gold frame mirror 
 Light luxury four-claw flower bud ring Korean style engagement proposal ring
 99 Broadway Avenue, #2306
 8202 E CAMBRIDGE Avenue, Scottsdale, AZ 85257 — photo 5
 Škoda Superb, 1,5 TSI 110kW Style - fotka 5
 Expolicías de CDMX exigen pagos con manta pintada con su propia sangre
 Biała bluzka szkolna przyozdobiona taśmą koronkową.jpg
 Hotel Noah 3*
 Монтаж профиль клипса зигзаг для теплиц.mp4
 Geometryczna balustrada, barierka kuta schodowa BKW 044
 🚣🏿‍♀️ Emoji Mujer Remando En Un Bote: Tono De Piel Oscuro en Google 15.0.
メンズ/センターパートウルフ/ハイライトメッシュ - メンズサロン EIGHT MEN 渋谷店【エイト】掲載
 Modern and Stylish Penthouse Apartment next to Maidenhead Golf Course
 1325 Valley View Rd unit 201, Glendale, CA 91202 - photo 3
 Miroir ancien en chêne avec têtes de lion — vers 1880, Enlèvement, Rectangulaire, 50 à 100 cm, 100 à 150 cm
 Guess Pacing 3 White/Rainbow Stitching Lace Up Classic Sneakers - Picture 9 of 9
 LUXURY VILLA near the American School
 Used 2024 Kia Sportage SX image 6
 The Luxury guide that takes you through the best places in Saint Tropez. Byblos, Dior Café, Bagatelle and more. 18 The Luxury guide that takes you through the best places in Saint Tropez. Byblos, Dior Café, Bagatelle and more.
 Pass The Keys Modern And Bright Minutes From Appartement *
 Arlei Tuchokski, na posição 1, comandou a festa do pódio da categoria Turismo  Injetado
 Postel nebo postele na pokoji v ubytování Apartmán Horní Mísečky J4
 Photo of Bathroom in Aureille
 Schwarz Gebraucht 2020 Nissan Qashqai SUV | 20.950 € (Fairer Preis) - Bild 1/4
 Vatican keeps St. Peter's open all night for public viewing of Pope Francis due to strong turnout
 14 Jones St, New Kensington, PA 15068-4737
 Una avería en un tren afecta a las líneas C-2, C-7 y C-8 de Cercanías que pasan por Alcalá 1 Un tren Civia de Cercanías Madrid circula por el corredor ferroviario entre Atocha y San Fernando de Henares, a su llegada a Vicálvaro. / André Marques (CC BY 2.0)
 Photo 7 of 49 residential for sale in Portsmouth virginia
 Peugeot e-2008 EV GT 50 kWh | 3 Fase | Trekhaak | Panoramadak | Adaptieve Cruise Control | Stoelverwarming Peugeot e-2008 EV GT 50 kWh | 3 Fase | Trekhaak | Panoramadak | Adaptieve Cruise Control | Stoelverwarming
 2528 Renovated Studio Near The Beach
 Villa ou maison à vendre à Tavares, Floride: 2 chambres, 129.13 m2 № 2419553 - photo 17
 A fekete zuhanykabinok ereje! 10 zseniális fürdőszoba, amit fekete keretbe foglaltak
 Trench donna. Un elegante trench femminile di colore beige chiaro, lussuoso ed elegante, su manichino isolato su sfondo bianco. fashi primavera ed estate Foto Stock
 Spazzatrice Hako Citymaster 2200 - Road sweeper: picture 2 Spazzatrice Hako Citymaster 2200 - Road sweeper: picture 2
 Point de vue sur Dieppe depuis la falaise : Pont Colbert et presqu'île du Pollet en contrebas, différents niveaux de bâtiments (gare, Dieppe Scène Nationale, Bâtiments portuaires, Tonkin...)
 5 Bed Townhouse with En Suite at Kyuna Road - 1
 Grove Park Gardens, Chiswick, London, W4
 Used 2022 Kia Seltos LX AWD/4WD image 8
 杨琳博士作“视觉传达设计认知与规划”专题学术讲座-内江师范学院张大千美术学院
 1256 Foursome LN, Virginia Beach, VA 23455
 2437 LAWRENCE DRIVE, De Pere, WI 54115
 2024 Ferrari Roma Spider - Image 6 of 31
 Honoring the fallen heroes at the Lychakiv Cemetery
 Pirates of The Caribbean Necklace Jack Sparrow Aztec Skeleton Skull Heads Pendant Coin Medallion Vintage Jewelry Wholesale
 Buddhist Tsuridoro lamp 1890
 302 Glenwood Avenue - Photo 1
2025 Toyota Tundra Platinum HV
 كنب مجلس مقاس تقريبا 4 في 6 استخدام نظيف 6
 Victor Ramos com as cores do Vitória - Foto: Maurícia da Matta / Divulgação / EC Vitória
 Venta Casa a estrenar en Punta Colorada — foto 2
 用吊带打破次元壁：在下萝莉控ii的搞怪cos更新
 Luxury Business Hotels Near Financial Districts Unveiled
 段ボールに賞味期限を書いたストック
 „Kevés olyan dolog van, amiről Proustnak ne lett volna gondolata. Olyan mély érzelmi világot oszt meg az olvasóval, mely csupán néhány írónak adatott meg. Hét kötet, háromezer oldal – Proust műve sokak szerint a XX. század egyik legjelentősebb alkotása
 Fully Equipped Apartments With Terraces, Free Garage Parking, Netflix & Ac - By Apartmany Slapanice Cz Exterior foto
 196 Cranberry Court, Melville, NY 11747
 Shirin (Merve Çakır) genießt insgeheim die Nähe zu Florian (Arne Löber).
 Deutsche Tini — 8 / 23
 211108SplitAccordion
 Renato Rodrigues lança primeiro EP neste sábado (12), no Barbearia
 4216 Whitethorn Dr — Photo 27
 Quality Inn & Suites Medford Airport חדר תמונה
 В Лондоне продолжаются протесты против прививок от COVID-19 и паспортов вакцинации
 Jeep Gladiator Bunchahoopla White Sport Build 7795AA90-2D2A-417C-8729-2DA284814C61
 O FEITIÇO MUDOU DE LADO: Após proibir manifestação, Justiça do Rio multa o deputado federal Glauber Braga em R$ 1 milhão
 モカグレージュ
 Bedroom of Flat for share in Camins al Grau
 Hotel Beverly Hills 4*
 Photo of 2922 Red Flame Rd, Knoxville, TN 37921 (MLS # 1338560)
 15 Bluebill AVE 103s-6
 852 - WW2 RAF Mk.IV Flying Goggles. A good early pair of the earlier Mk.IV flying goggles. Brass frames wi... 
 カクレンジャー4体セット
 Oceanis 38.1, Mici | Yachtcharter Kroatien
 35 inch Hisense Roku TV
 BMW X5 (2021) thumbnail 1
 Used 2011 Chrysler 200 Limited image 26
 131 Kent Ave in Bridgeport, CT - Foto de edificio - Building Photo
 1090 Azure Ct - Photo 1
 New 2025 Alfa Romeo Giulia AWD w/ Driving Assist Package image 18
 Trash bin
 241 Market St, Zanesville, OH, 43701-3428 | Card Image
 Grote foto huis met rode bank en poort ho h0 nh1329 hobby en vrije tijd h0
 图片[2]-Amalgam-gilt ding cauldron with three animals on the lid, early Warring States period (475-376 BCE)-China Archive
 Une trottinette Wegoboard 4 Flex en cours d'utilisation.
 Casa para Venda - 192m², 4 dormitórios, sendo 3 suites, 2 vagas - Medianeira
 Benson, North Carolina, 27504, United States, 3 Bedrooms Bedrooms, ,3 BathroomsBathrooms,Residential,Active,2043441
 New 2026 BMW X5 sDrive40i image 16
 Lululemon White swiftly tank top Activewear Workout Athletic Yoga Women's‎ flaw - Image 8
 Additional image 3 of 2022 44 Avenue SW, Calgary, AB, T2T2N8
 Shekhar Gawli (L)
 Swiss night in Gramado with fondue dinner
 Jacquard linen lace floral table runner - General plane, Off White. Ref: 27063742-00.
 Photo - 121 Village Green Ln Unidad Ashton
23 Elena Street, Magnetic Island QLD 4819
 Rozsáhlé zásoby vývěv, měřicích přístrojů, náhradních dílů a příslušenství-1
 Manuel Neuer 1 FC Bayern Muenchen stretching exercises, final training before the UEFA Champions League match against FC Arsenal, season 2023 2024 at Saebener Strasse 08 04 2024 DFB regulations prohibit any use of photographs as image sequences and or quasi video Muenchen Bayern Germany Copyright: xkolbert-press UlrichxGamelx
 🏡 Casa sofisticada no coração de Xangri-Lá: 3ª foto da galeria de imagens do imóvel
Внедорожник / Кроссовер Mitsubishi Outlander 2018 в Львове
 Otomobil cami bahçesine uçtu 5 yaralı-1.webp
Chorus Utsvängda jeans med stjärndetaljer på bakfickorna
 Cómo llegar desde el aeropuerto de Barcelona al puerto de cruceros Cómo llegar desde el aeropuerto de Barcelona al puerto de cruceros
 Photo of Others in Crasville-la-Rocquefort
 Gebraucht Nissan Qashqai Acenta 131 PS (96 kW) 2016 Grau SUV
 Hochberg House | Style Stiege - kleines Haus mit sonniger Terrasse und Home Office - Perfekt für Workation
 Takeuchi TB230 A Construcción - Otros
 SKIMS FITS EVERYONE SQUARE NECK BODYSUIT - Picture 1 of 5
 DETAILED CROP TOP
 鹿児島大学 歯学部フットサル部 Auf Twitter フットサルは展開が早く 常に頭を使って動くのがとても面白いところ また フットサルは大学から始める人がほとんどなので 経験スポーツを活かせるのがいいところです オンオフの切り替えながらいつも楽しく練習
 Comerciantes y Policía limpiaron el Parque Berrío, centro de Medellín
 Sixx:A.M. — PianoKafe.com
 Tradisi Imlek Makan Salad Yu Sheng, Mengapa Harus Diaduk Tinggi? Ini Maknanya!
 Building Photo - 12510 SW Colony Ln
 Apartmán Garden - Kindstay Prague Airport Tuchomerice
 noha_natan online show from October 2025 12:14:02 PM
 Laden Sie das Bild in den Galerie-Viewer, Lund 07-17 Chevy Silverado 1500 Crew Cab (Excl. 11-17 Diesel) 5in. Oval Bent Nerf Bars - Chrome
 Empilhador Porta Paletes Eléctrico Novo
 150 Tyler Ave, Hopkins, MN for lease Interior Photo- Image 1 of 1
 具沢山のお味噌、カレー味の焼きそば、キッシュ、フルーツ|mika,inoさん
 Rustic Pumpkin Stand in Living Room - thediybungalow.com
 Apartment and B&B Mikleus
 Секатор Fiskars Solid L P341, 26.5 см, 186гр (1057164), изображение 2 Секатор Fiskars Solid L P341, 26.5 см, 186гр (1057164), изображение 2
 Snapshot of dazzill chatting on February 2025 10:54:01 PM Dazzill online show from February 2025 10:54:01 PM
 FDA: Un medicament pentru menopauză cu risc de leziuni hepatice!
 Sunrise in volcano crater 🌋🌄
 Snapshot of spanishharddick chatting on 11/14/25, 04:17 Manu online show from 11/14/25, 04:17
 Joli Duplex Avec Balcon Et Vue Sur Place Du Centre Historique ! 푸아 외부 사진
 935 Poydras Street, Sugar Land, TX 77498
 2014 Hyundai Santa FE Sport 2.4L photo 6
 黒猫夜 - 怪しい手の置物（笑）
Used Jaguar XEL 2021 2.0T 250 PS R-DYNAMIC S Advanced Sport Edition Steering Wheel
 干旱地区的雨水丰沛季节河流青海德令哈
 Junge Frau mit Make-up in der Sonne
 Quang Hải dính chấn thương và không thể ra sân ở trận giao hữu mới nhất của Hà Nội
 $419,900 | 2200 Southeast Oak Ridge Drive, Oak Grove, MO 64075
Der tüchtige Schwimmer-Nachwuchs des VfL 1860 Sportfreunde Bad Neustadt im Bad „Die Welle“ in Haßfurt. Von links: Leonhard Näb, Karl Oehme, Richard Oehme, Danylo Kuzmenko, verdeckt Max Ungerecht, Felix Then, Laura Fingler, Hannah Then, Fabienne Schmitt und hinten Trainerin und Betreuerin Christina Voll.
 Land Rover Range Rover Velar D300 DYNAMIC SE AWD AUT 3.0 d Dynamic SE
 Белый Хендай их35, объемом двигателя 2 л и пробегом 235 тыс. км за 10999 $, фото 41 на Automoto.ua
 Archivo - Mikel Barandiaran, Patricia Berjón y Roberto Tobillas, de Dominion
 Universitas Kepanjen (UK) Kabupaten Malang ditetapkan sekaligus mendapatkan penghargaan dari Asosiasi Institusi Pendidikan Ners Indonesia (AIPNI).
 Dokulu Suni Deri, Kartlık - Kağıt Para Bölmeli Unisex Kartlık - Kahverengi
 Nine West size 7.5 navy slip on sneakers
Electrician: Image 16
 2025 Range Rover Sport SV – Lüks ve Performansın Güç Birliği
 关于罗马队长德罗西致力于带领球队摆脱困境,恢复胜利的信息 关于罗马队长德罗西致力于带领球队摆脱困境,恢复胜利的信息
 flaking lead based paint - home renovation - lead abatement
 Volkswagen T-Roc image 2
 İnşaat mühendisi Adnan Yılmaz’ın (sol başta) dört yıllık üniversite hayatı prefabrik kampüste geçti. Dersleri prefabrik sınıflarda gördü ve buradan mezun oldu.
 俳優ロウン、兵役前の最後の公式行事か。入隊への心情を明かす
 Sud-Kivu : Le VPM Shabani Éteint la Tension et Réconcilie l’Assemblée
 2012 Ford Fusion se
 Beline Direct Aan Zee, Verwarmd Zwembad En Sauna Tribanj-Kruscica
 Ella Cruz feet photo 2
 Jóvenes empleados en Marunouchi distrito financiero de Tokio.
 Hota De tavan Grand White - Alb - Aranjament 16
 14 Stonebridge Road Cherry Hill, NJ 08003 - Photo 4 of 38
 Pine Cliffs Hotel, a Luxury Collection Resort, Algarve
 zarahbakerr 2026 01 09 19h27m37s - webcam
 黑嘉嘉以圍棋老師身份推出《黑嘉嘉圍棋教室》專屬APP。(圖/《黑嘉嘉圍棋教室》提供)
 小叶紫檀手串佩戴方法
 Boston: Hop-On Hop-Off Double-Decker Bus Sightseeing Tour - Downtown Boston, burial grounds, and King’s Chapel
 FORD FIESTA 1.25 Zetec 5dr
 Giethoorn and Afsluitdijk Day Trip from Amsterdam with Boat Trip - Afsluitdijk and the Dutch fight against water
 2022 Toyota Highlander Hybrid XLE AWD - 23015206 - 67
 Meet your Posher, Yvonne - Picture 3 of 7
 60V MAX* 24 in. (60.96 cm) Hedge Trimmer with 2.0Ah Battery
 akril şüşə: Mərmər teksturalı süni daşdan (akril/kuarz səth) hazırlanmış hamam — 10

------------------------------------

- TASK TO COMPLETE -
Report how many lines in the records above contain the word "Bild", giving only the number.

- COMPLETED EXERCISE -
2